En écrivant j’ai connu l’apesanteur, mais aussi la lourdeur de mon histoire.

Je me suis élevée, j’ai chuté, je suis tombée, je me suis relevée. J’ai dansé sur ce fil pendant de longs mois, à me demander si j’allais tomber ou tenir bon ?

Dire stop

Au bout d’un moment, je revivais beaucoup trop les atrocités de mon passé, j’ai dû dire stop. Ressentir ce que j’ai pu ressentir a commencé à me bouffer de l’intérieur, j’y suis entrée en dépression.

Alors j’ai dit stop. Je me suis posée. J’ai déposé mon arme, ma plume, quelques temps. J’ai pris sur moi, je me suis remise en question. Cette pause m’a permis de prendre en maturité, elle m’a permis de comprendre qu’il fallait que je continue d’écrire pour en guérir. Alors j’ai repris du courage, et j’ai recommencé, toujours en écrivant à fond. Et c’est ce qui fait, pour ma part, l’authenticité d’une histoire, sa sincérité, son importance et sa valeur.

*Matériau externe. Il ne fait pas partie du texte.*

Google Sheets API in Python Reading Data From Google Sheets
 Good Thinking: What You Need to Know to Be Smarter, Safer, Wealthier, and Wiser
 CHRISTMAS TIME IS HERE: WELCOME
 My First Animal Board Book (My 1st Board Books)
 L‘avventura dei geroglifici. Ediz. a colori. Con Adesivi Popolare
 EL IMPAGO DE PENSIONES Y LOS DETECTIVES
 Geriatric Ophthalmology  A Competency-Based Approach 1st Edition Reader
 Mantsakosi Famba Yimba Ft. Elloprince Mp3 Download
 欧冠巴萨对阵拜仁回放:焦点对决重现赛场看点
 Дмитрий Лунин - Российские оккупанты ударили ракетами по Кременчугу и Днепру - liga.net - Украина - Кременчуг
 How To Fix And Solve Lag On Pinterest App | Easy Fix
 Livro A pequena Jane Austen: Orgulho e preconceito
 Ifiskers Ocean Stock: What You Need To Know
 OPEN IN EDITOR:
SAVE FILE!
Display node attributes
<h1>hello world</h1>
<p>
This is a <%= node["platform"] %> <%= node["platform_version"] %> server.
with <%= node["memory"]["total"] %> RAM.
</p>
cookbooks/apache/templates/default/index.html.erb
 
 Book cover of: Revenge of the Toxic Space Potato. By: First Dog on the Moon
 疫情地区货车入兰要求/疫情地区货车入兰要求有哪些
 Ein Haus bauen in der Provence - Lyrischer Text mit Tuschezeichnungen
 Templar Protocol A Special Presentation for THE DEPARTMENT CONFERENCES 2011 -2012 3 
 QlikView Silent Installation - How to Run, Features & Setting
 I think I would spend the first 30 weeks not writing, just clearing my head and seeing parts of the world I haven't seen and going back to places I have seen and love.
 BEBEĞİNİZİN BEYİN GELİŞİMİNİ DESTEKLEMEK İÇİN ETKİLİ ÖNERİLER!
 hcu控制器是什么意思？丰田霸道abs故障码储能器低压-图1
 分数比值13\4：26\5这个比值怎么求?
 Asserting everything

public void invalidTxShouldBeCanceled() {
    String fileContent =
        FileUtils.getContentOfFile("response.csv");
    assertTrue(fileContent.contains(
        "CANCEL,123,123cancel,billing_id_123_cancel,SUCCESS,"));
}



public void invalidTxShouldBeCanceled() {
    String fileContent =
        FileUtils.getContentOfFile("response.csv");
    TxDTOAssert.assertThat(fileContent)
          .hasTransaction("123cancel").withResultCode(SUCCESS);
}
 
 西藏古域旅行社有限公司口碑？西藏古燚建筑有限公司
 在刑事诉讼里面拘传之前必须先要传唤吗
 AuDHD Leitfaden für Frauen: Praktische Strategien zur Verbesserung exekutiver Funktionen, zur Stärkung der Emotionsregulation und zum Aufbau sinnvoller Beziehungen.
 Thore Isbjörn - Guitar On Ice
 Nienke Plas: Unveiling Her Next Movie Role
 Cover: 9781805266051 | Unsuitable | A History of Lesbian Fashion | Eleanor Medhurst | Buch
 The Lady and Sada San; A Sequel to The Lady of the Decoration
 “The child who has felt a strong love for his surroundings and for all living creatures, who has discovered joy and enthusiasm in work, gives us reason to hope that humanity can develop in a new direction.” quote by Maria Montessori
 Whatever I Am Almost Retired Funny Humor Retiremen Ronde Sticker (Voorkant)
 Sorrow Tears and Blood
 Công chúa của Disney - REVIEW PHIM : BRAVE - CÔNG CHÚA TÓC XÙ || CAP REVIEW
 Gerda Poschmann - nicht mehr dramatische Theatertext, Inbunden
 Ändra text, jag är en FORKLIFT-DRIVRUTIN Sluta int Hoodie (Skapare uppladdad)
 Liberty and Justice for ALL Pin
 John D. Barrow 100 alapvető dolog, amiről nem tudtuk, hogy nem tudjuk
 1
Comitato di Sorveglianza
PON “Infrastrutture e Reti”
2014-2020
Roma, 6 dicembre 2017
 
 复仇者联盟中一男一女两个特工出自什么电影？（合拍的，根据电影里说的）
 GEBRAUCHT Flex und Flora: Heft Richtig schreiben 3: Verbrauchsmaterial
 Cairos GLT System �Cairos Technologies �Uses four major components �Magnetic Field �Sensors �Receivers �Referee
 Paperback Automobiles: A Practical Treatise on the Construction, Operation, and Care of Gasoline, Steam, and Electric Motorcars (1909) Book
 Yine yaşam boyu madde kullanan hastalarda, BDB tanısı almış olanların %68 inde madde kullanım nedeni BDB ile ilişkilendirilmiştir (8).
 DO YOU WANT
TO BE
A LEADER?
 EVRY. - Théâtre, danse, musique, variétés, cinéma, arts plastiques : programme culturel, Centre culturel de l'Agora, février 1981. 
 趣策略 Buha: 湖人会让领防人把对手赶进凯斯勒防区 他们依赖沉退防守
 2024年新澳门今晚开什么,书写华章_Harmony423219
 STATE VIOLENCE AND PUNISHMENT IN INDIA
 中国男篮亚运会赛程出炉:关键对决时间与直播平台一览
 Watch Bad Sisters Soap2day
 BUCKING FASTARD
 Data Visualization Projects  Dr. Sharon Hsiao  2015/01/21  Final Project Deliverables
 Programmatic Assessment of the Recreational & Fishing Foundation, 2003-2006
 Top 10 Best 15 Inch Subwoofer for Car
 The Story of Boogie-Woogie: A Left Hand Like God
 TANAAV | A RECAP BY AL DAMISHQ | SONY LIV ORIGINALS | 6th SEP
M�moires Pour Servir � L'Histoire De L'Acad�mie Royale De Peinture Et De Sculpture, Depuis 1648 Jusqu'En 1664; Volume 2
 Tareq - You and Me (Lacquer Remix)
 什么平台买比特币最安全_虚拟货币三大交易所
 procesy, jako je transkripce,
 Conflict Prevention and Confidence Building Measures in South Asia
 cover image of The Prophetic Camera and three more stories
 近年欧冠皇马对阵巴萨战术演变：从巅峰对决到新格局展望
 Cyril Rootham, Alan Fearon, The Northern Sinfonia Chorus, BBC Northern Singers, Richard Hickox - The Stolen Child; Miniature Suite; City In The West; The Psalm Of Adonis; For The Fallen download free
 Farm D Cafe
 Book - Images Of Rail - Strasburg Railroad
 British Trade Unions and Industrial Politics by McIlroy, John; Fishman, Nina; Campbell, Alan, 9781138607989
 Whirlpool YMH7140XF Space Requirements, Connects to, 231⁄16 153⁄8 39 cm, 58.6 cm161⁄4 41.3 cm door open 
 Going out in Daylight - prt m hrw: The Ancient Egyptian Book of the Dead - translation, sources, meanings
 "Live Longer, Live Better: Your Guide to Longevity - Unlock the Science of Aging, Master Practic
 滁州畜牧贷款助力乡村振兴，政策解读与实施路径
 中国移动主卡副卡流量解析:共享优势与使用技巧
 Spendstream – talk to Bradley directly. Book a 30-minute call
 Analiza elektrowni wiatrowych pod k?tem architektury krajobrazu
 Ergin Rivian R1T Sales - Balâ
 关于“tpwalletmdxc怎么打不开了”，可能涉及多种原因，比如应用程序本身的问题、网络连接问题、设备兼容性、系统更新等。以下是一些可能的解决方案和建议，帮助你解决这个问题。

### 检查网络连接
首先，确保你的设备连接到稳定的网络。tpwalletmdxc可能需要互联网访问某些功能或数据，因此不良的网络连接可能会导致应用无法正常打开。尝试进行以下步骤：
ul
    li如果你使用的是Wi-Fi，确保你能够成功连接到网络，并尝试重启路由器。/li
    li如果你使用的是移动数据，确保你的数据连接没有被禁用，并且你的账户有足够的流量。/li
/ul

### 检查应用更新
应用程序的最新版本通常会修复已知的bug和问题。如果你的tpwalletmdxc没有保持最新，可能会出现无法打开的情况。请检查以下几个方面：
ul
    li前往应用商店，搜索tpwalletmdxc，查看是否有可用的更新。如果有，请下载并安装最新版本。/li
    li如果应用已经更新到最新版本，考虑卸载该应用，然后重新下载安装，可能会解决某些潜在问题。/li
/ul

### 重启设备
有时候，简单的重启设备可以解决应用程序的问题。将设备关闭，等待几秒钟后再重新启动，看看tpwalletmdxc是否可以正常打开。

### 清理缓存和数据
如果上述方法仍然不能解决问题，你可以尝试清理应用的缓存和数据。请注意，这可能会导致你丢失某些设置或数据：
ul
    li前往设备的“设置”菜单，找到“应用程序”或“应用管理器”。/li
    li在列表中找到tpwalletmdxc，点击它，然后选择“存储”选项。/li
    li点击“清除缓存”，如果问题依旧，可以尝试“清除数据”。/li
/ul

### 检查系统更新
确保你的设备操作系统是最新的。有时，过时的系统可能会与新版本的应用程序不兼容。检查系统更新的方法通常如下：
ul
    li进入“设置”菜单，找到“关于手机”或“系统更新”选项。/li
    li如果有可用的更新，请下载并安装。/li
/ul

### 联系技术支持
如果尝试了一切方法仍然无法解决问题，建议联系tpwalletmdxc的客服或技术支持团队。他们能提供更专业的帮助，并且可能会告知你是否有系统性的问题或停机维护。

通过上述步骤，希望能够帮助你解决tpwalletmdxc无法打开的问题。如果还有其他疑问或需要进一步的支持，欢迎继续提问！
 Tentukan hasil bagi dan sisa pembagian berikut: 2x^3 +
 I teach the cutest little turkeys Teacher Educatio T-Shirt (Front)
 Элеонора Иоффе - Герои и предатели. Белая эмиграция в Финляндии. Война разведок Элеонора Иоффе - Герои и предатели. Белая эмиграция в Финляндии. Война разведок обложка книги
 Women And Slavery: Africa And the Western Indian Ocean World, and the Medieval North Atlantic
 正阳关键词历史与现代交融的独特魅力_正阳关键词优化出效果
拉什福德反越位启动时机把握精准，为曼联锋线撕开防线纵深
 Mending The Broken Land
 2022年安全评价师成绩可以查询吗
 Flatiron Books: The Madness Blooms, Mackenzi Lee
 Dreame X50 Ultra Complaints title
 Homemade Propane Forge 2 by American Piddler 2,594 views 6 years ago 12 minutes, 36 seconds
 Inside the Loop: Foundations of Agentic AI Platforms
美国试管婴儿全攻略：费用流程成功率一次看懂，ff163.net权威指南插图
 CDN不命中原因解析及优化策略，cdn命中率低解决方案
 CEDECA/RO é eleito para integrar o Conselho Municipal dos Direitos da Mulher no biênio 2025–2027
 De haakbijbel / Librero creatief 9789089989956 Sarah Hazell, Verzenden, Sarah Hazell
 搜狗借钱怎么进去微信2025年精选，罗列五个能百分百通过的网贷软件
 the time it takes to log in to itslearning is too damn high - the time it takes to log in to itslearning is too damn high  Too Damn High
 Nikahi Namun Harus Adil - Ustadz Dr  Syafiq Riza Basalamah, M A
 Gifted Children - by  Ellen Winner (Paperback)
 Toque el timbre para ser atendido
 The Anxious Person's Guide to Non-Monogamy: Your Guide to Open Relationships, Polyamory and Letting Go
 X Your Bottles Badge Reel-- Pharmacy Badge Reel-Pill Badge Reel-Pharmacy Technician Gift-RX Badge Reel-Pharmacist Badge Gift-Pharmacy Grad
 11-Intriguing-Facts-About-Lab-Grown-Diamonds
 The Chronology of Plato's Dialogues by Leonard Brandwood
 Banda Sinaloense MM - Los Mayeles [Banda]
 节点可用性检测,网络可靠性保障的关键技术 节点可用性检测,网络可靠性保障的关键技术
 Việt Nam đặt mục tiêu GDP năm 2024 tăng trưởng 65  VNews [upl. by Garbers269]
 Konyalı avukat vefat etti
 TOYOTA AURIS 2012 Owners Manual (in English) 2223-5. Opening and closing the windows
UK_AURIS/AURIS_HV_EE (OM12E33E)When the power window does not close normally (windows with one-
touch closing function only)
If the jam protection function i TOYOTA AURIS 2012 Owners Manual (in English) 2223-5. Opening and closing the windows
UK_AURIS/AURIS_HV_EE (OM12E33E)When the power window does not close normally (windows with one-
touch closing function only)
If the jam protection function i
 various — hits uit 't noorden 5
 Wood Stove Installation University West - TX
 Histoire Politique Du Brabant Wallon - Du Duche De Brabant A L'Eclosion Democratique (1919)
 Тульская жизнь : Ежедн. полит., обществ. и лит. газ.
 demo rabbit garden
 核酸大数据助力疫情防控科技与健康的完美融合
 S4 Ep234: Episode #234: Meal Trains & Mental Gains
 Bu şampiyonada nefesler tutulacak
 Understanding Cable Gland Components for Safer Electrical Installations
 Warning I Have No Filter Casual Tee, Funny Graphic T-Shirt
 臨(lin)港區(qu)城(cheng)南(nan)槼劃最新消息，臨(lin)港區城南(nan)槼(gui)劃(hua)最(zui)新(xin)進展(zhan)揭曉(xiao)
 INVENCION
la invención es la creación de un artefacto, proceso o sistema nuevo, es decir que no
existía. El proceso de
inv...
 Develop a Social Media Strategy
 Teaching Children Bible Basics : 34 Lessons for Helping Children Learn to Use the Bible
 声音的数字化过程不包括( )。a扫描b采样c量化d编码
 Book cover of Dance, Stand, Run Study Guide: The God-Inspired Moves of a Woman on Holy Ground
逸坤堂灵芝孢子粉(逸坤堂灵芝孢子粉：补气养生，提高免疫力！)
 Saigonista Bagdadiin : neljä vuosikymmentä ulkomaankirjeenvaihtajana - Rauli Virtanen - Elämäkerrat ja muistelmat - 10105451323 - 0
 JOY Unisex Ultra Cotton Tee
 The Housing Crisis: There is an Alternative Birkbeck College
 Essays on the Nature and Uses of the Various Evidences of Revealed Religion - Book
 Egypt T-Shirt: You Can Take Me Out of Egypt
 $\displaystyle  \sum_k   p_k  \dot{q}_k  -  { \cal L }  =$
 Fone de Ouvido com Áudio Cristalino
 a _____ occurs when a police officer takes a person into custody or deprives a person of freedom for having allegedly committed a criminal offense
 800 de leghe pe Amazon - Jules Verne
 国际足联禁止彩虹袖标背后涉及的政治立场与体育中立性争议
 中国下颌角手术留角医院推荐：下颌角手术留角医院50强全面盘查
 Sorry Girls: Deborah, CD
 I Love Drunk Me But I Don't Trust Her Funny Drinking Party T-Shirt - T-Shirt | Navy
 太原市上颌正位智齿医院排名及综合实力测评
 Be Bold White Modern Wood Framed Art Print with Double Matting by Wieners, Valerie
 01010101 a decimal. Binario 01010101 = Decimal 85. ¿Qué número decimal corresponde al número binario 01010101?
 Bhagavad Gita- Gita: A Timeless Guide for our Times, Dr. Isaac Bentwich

Je dirai donc qu’il faut adopter un équilibre. Il faut savoir prendre des pauses, prendre du temps pour vous. Vous demander comment vous-allez ? Est-ce que vous êtes prêts à continuer d’écrire pour guérir ou est-ce qu’il vous faut une pause ?

La pause ne doit pas être prise comme une contrainte, au contraire.

Écrire sur soi n’est JAMAIS facile.

Mais je dirai que c’est le vrai début de votre guérison, où vous laisserez émerger la personne que vous êtes sincèrement.